One-hundred and eleven patients (117 lesions, 66 DES versus 51 DCB) presented for an unscheduled re-angiography at median 5.7 months after the index procedure. At baseline, mean reference vessel diameter was 2.05 mm and the residual in-segment stenosis after the index procedure was less in DES compared to DCB (23.7% vs 33.8%, p = 0.001). At follow-up angiography, diameter stenosis in the DES group (29.0%) was still somewhat smaller than after DCB angioplasty (35.8%) when adjusting for time since PCI (p = 0.047), whereas lumen loss (LL) did not differ between the two treatment arms (LL-DES 0.06 mm vs LL-DCB 0.10 mm, p = 0.20). Eight patients following DES implantation presented with a complete occlusion of the target lesion compared to no occlusion in the DCB group (p = 0.009).
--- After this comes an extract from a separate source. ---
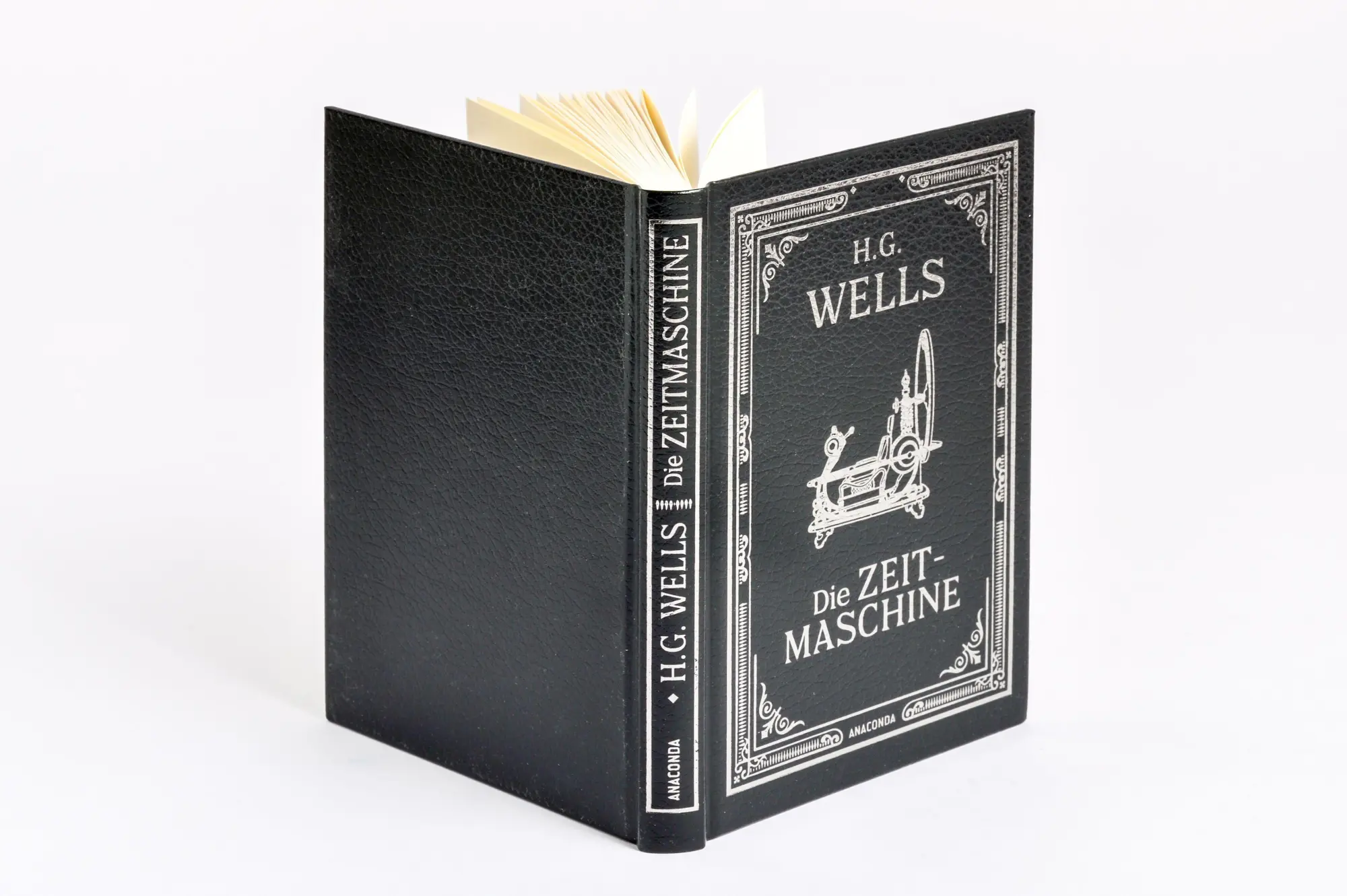 Bild: 9783730615621 | Die Zeitmaschine. Roman | H. G. Wells | Buch | Cabra-Leder-Reihe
The clinically indicated follow-up angiography within 1 year showed no difference in LL. Complete thrombotic vessel occlusions were found only in the DES group.
www.clinicaltrials.gov ; number, NCT01574534.
随机 BASKET-SMALL 2 试验表明,在经皮冠状动脉介入治疗(PCI)用于治疗小直径冠状动脉新发病变时,与药物洗脱支架(DES)相比,药物涂层球囊(DCB)在 1 年的临床终点方面不劣效。在这项预设的亚研究中,我们调查了研究阶段进行临床指征下随访血管造影的患者的血管造影结果。
883 例患者因稳定型冠心病或急性冠脉综合征在直径<3mm 的罪犯血管中接受了 PCI,采用 DES 或 DCB。对事件驱动的再血管造影术和基线时的相应图像进行分析,以评估血管造影终点。
111 例患者(117 处病变,66 例 DES 与 51 例 DCB)在指数操作后中位数 5.7 个月时进行了非计划的再血管造影。基线时,参考血管直径平均为 2.05mm,指数操作后 DES 组的残余节段狭窄程度小于 DCB 组(23.7%比 33.8%,p=0.001)。在随访血管造影时,DES 组的直径狭窄程度(29.0%)在调整 PCI 后时间时仍略小于 DCB 血管成形术(35.8%,p=0.047),而两治疗组之间的管腔损失(LL)无差异(DES 组 LL 为 0.06mm 比 DCB 组 LL 为 0.10mm,p=0.20)。DES 植入后 8 例患者出现目标病变完全闭塞,而 DCB 组无闭塞(p=0.009)。
1 年内的临床指征下随访血管造影显示 LL 无差异。完全血栓性血管闭塞仅见于 DES 组。